Biml From the Trenches - Convention over Configuration
Biml from what I have observed is still in it’s infancy. Don’t get me wrong, what can actually be done with Biml is impressive, however it seems to me how we are using it and how we are talking about it still needs to mature before it can be fully and effectively embraced by the community at large.
There is a growing number of people in the SQL Server community that are contributing excellent guidance and driving forward its maturity, as well as BimlScript.com which has an ever growing set of examples to learn from. I firmly believe that the future of Biml is bright, if you don’t believe me check out this interview with the creator Scott Currie.
What I would like to see more of, is people talking about implementing design patterns in Biml, let’s have less examples and more theory.
An area that there is still little guidance on is convention based Biml.
Talk to any experienced software developer and they will tell you all about “Convention over Configuration” and how it makes their life easier, but if you’re a BI developer this might be brand new concept to you.
Wikipedia has a great description:
Convention over configuration is a software design paradigm which seeks to decrease the number of decisions that developers need to make, gaining simplicity, but not necessarily losing flexibility.
The phrase essentially means a developer only needs to specify unconventional aspects of the application.
In my mind there are a few different types of conventions:
- Those that require strict adhered
- Those that can be overridden
- On/Off by default
In this post I’m going to give two examples of the first type, those I class as “strict adherence required” from a recent ETL project I was working on.

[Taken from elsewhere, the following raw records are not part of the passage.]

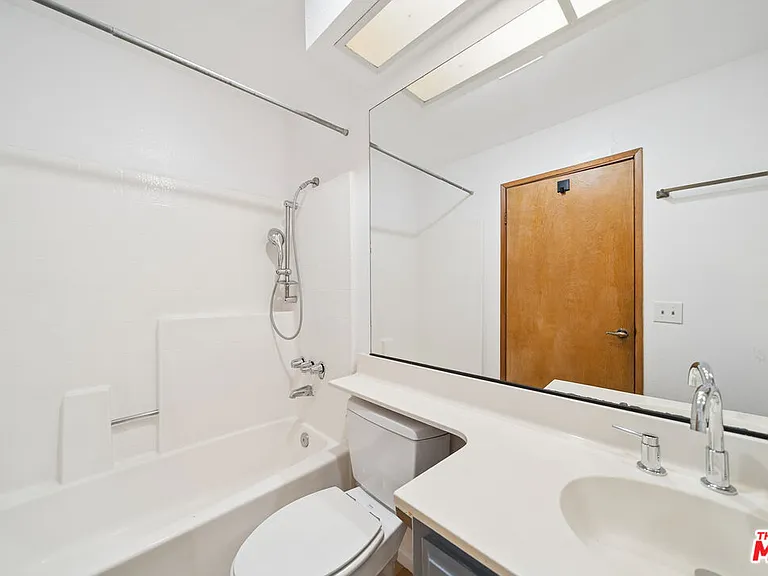 11924 Mayfield Ave #2 — Photo 18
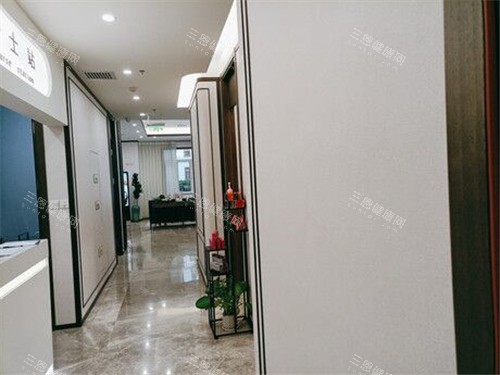 北京加减美整形走廊环境图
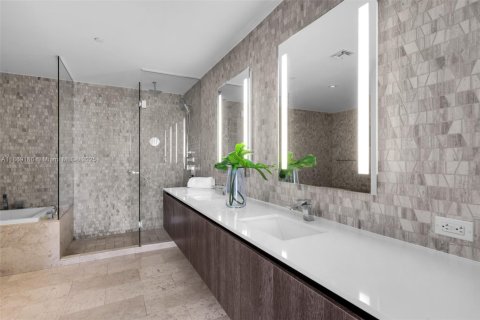 Condominio en venta en Miami, Florida, 2 dormitorios, 112.23 m2 № 1979484 - foto 15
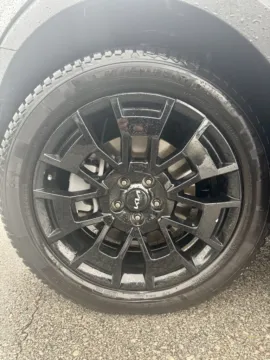 More photos of 2022 Kia Telluride SX at Cable Dahmer Kia of Lee's Summit, MO
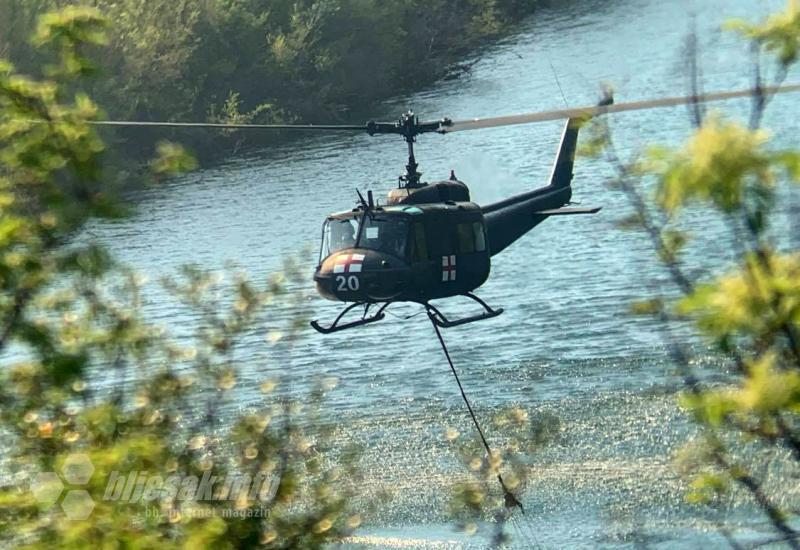 VIDEO | Helikopteri gase požar na području Čapljine i Čitluka
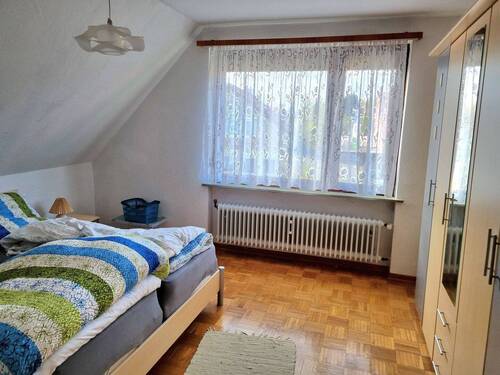 Schlafzimmer, DG - 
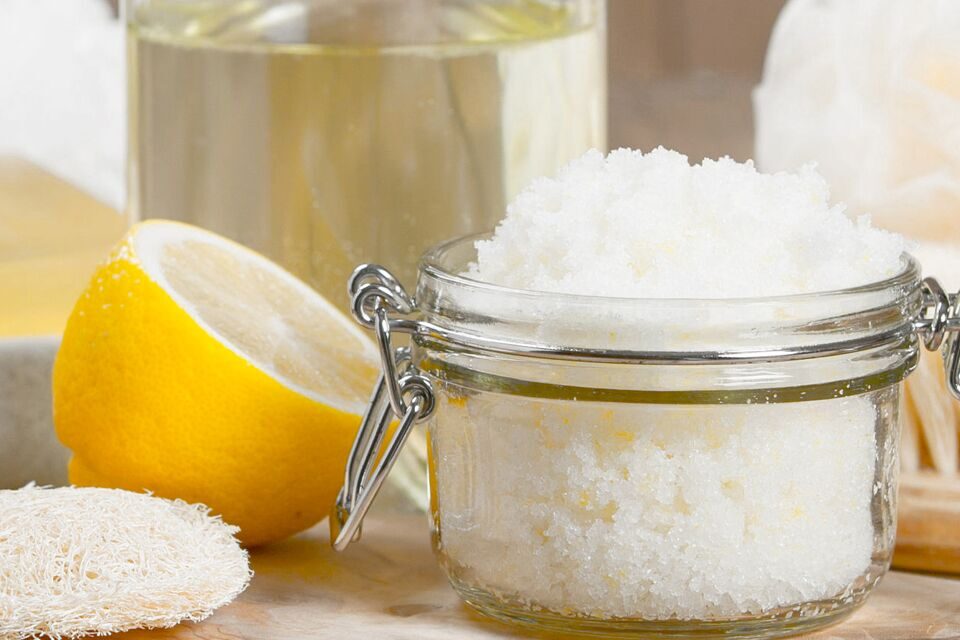 Lemon And Sugar Scrub To Treat Oily Nose
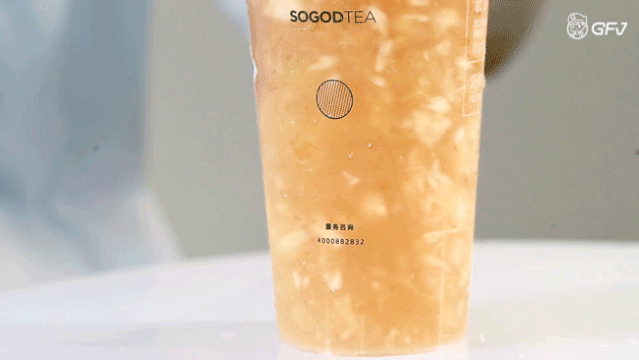 新场街茶屿水果茶，超巨型红色水果茶城堡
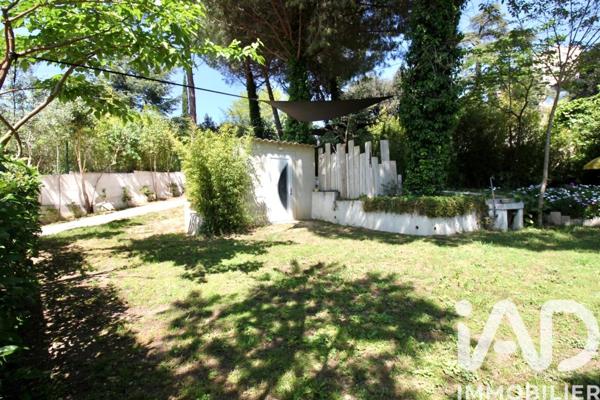 Maison à vendre 7 pièces 235 m² Marseille 12
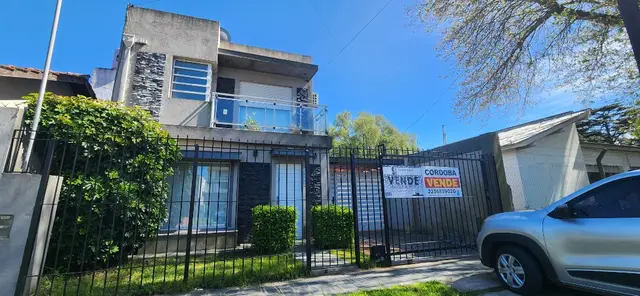 Casa de 4 ambientes en venta en LOS PINARES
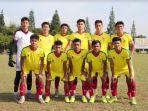 Foto-bersama-skuat-Tim-Sepakbola-Putra-Sumatra-Utara-sebelum-melakukan-laga-uji-coba.jpg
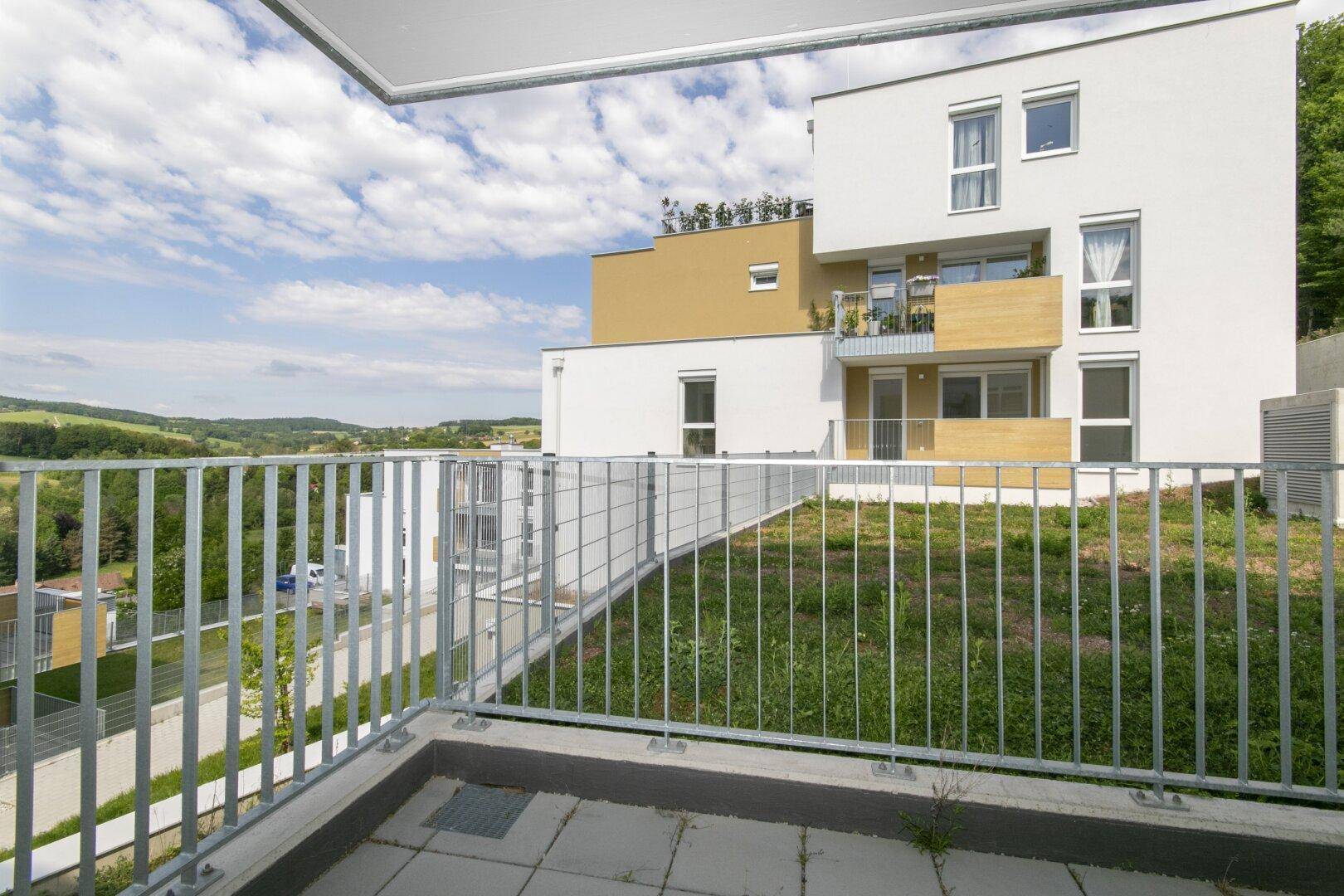 ERSTBEZUG: schöne Terrassenwohnung - Ansicht 2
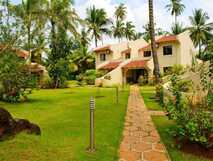 Gepflegter Gartenbereich in der Omali Lodge Sao Tome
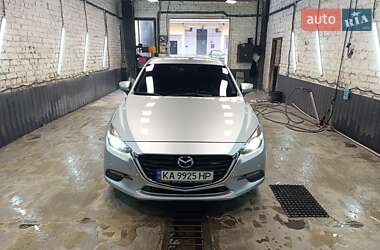 Mazda 3 2016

I’ll cover the other types in subsequent posts.
NB: I’m deliberately not including any Biml or screenshots of SSIS packages in this post. The reason for this is that there are numerous ways to implement design patterns, so rather than showing you how I do it, I want to introduce the concepts and get you thinking about it.
Use a convention to Extract data
What I want to achieve: I want to move data from a source system into my target database, but only a subset of tables in the source system.
My convention: For each table in the Import schema of my Target database, there is a table with the same name and structure in the source system. Then, for each table in the Import schema generate Data Flow task which will read from the source table and copy the data into the target table.
The advantage: When I need to start importing more data from the source system all I need to do is create a new table in my import schema that matches the source and then regenerate the extract package. No configuration is needed, I don’t need to maintain a list of tables which needed to be imported, the presence of the table in the Import schema is enough. Simple.
Use convention to Transform data
The ETL project that I working on already had a number of queries written which would transform the source system data to match our table structure. We had a number of tables in the Stage schema which the transformed data needed to go before being loaded into the live tables.
What I want to achieve: Transform data from the Import schema tables and load into tables in the Stage schema
My convention: For each table in the Stage schema, there is a corresponding stored procedure with a name like: [Stage table name]_Transform
The advantage: Once again, when I need to start transforming more data, only two things need be done, create new table in Stage schema, create transform stored procedure. Then I just regenerate my SSIS package, no changes required.
What’s the point?
Hopefully you’ve figured it out, but the point of “convention over configuration”, or “coding to a convention” is to remove the number of decisions that you need to make during the development effort. This allows you to spend more time on the hard stuff and let the computer take care of the rest.